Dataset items

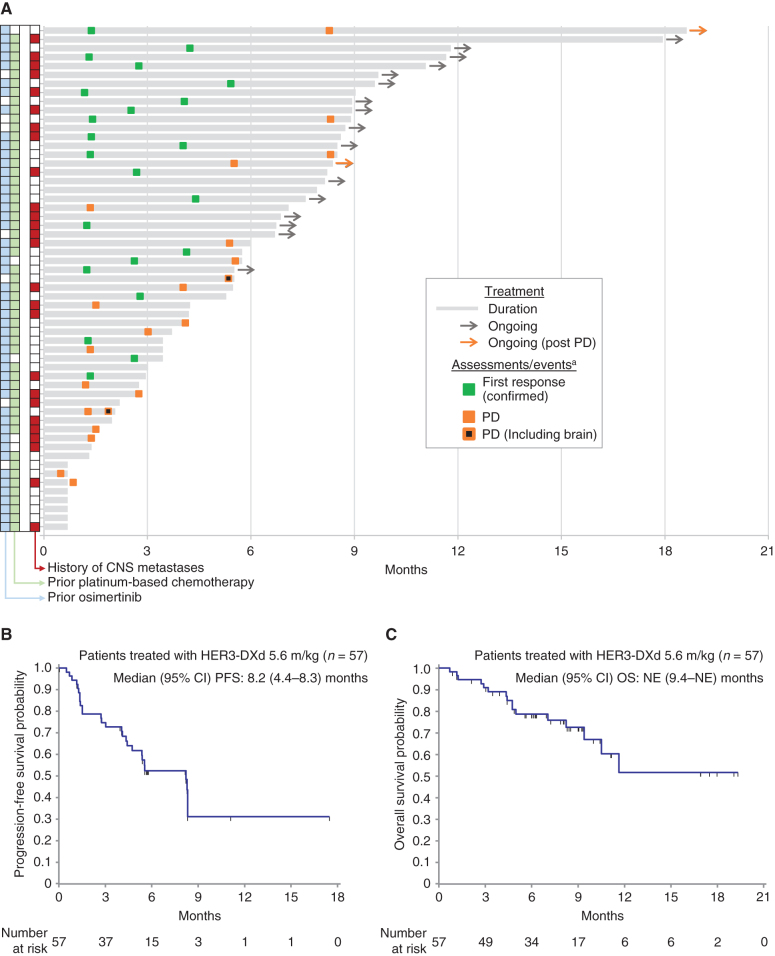 Figure 2. Tumor response as assessed by BICR in patients treated with HER3-DXd at 5.6 mg/kg (n = 57). A, Swimmer plot showing treatment duration, first occurrence of confirmed tumor response, and progression. Prior treatment and history of CNS metastases are indicated for each patient. B, Kaplan–Meier plot of progression-free survival probability. C, Kaplan–Meier plot of overall survival probability. aMarkers show the time of the initial response for confirmed responses. Two patients continued treatment after progression. In one case (top of swimmer plot), the patient had an equivocal (small) lesion and continued on treatment, but the lesion was later assessed as unequivocal—the swimmer plot is marked PD at the date of the lesion's first appearance. In the other case, treatment continued because PD was determined by BICR but not by the local investigator (the study treatment discontinuation criteria were based on local tumor assessment).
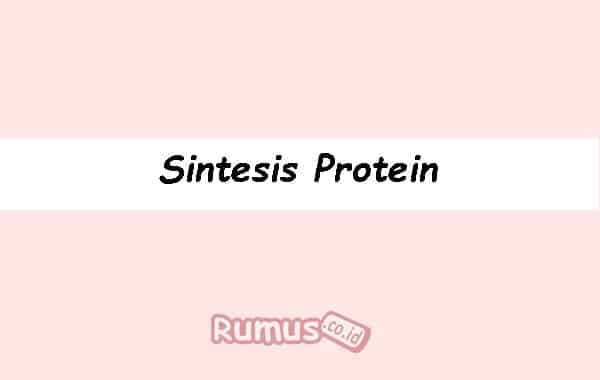 Detail Contoh Sintesis Protein Nomer 27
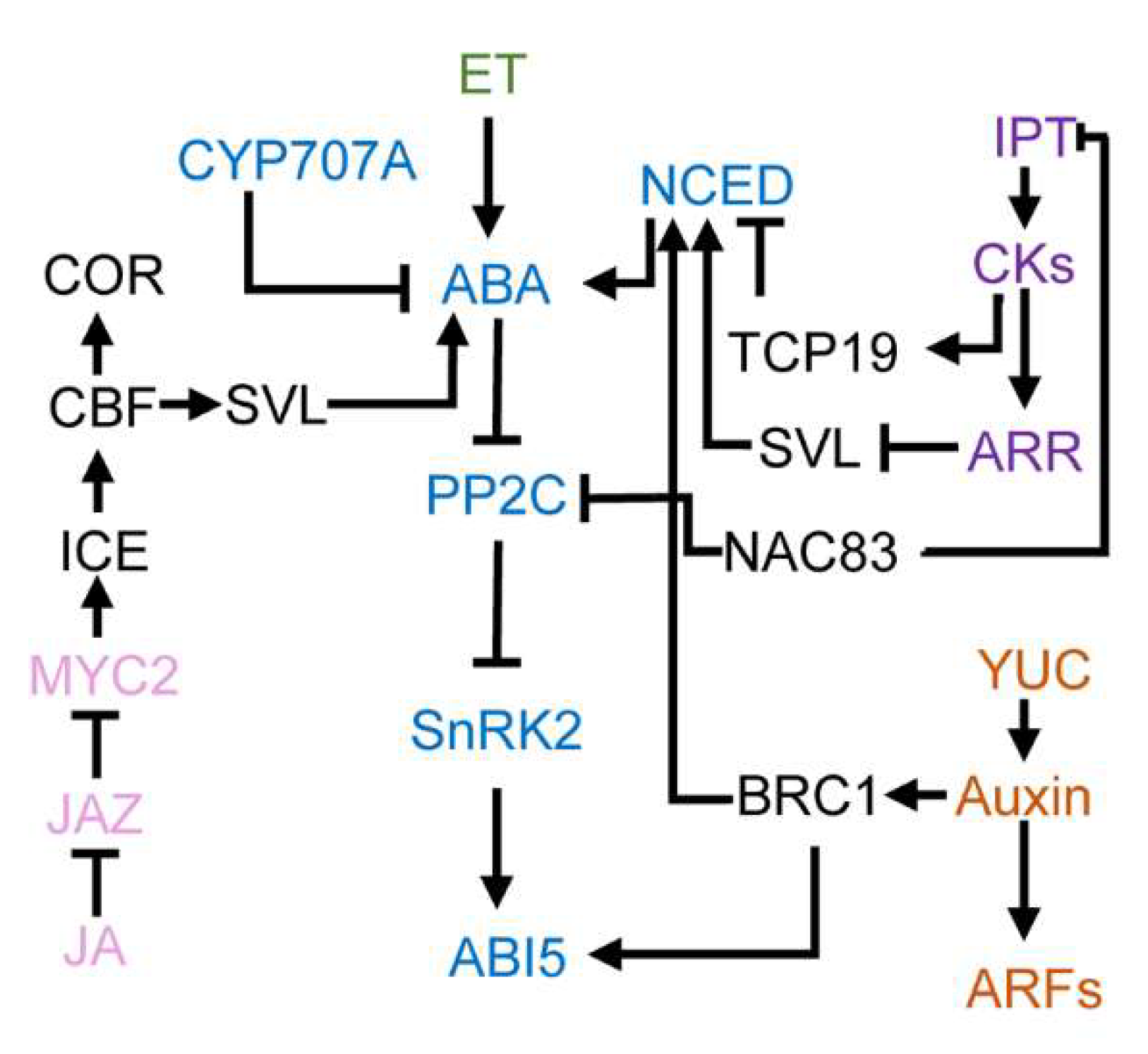 Genes 12 01635 g003 Genes 12 01635 g003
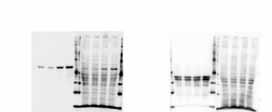항원항체반응을최적화하여강한 Target Signal 표현 Can Get Signal 21 Signal 은높게, Background 는낮게도출된결과 Sample : Cultured bovine adrenal medulla cells Conventional Conventional Can Get Siganl (TBS-T) Can Get Siganl
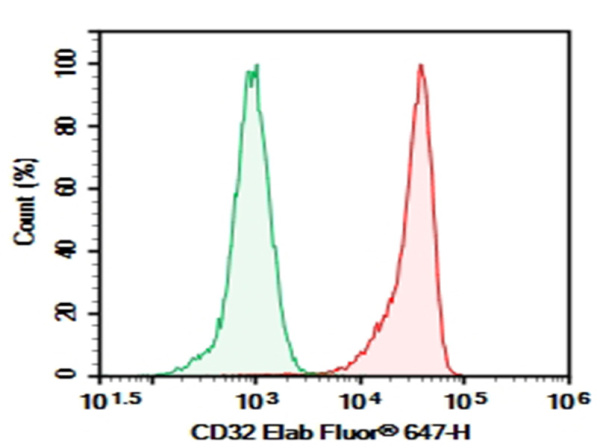 Purified Anti-Human CD32 Antibody[AT10] (AN007560P)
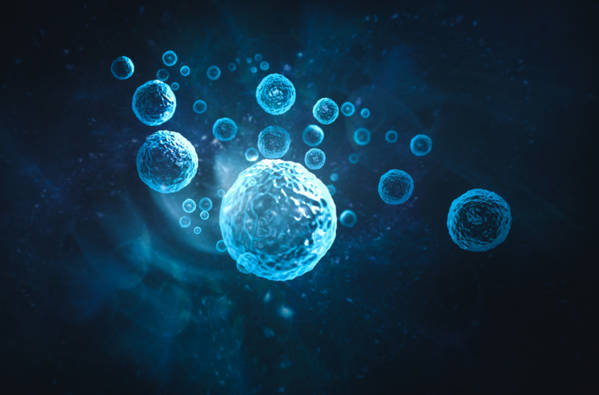 proteines_vie_cellules
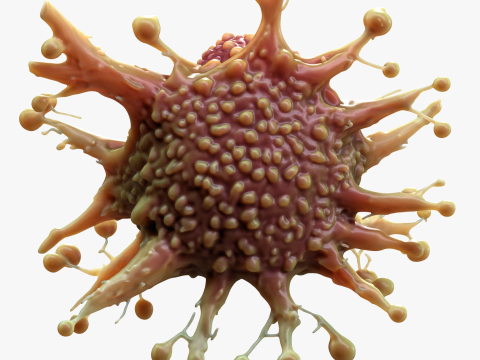 Cancer Cell Tumor Model 3D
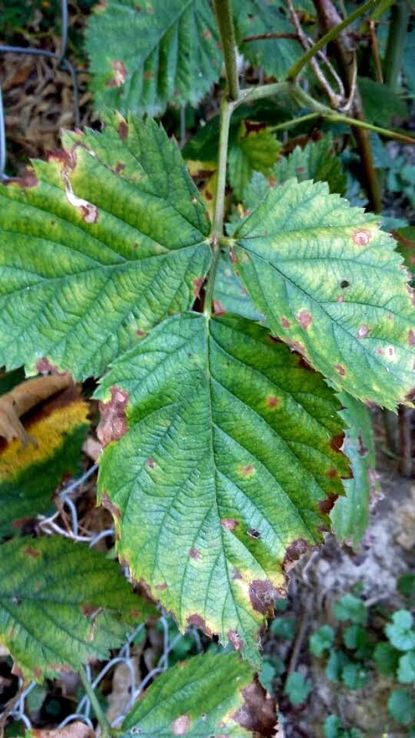 Blackberry Calico Virus On Blackberry Plant Leaves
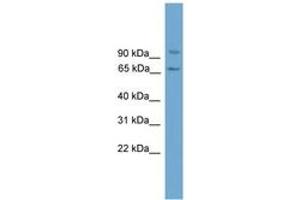 Image no. 1 for anti-Von Willebrand Factor A Domain Containing 5A (VWA5A) (AA 179-228) antibody (ABIN6745081) (VWA5A antibody  (AA 179-228))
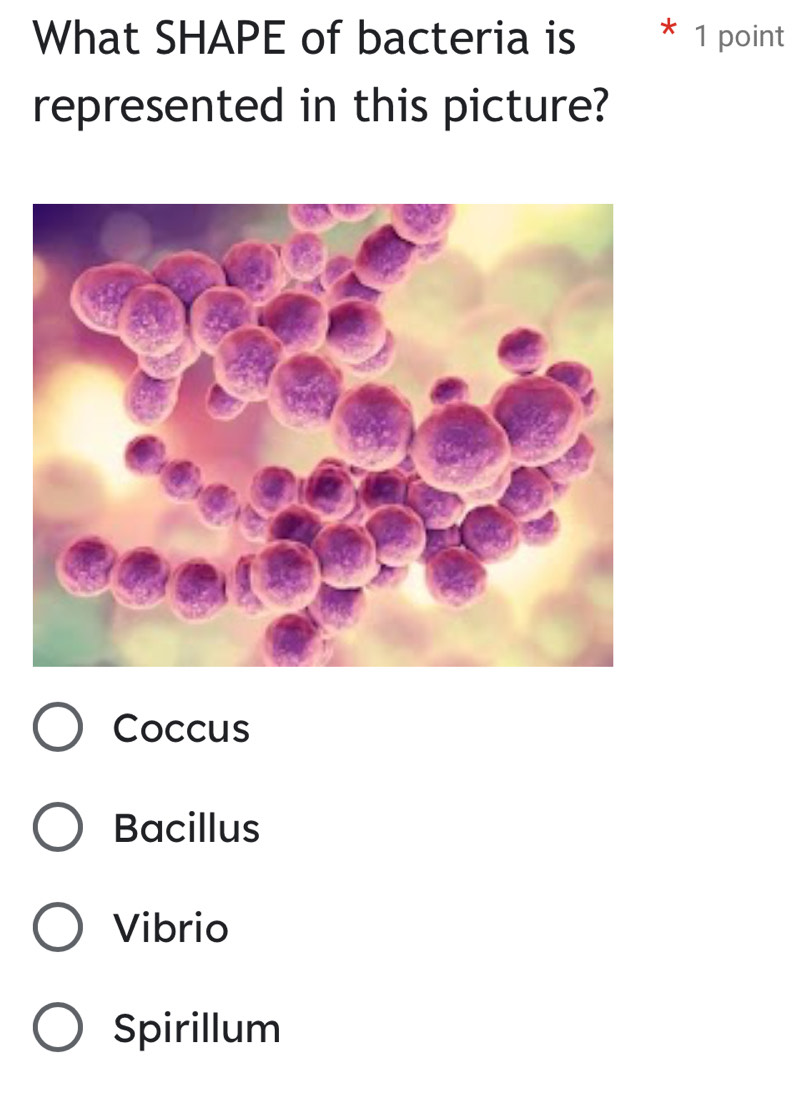 What SHAPE of bacteria is * 1 point
represented in this picture?
Coccus
Bacillus
Vibrio
Spirillum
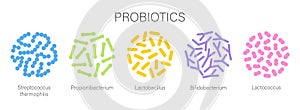 Probiotic bacteria set in circle. Gut microbiota with healthy prebiotic bacillus.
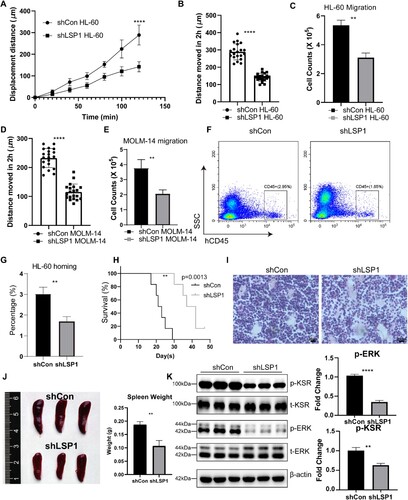 Figure 3. Knock-out of LSP1 restricts cell migration and homing in AML cell lines. A. line graph showing cell locomotion distance of HL-60 cells with or without LSP1 knock-out. B. Histogram showing the migration distance of HL-60 cells with or without LSP1 knock-out after 2 h. C. Histogram showing cell number counts of migration. D. Histogram showing migration distance of MOLM-14 with or without LSP1 knock-out after 2 h. E. Histogram showing cell number counts of migration. F. Diagram of percentage of HL-60 cells in transplanted mice. G. Histogram showing percentage of HL-60 cells in transplanted mice. H. Kaplan-Meier plot depicting the survival of mice transplanted with shCon HL-60 or shLSP1 HL-60 cells. I. H&E staining pictures of BM from mice transplanted with shCon or shLSP1 HL60 cells. J. Morphologic pictures of the spleen from mice transplanted with shCon or shLSP1 HL60 cells. K. Immunoblotting of KSR/ERK activation in BM cells from control and shLSP1 HL60-transplanted mice.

**Task**
What is needed is an exact copy of every entry, minus the images.

**Task answer**
 Figure 2. Tumor response as assessed by BICR in patients treated with HER3-DXd at 5.6 mg/kg (n = 57). A, Swimmer plot showing treatment duration, first occurrence of confirmed tumor response, and progression. Prior treatment and history of CNS metastases are indicated for each patient. B, Kaplan–Meier plot of progression-free survival probability. C, Kaplan–Meier plot of overall survival probability. aMarkers show the time of the initial response for confirmed responses. Two patients continued treatment after progression. In one case (top of swimmer plot), the patient had an equivocal (small) lesion and continued on treatment, but the lesion was later assessed as unequivocal—the swimmer plot is marked PD at the date of the lesion's first appearance. In the other case, treatment continued because PD was determined by BICR but not by the local investigator (the study treatment discontinuation criteria were based on local tumor assessment).
 Detail Contoh Sintesis Protein Nomer 27
 Genes 12 01635 g003 Genes 12 01635 g003
항원항체반응을최적화하여강한 Target Signal 표현 Can Get Signal 21 Signal 은높게, Background 는낮게도출된결과 Sample : Cultured bovine adrenal medulla cells Conventional Conventional Can Get Siganl (TBS-T) Can Get Siganl
 Purified Anti-Human CD32 Antibody[AT10] (AN007560P)
 proteines_vie_cellules
 Cancer Cell Tumor Model 3D
 Blackberry Calico Virus On Blackberry Plant Leaves
 Image no. 1 for anti-Von Willebrand Factor A Domain Containing 5A (VWA5A) (AA 179-228) antibody (ABIN6745081) (VWA5A antibody  (AA 179-228))
 What SHAPE of bacteria is * 1 point
represented in this picture?
Coccus
Bacillus
Vibrio
Spirillum
 Probiotic bacteria set in circle. Gut microbiota with healthy prebiotic bacillus.
 Figure 3. Knock-out of LSP1 restricts cell migration and homing in AML cell lines. A. line graph showing cell locomotion distance of HL-60 cells with or without LSP1 knock-out. B. Histogram showing the migration distance of HL-60 cells with or without LSP1 knock-out after 2 h. C. Histogram showing cell number counts of migration. D. Histogram showing migration distance of MOLM-14 with or without LSP1 knock-out after 2 h. E. Histogram showing cell number counts of migration. F. Diagram of percentage of HL-60 cells in transplanted mice. G. Histogram showing percentage of HL-60 cells in transplanted mice. H. Kaplan-Meier plot depicting the survival of mice transplanted with shCon HL-60 or shLSP1 HL-60 cells. I. H&E staining pictures of BM from mice transplanted with shCon or shLSP1 HL60 cells. J. Morphologic pictures of the spleen from mice transplanted with shCon or shLSP1 HL60 cells. K. Immunoblotting of KSR/ERK activation in BM cells from control and shLSP1 HL60-transplanted mice.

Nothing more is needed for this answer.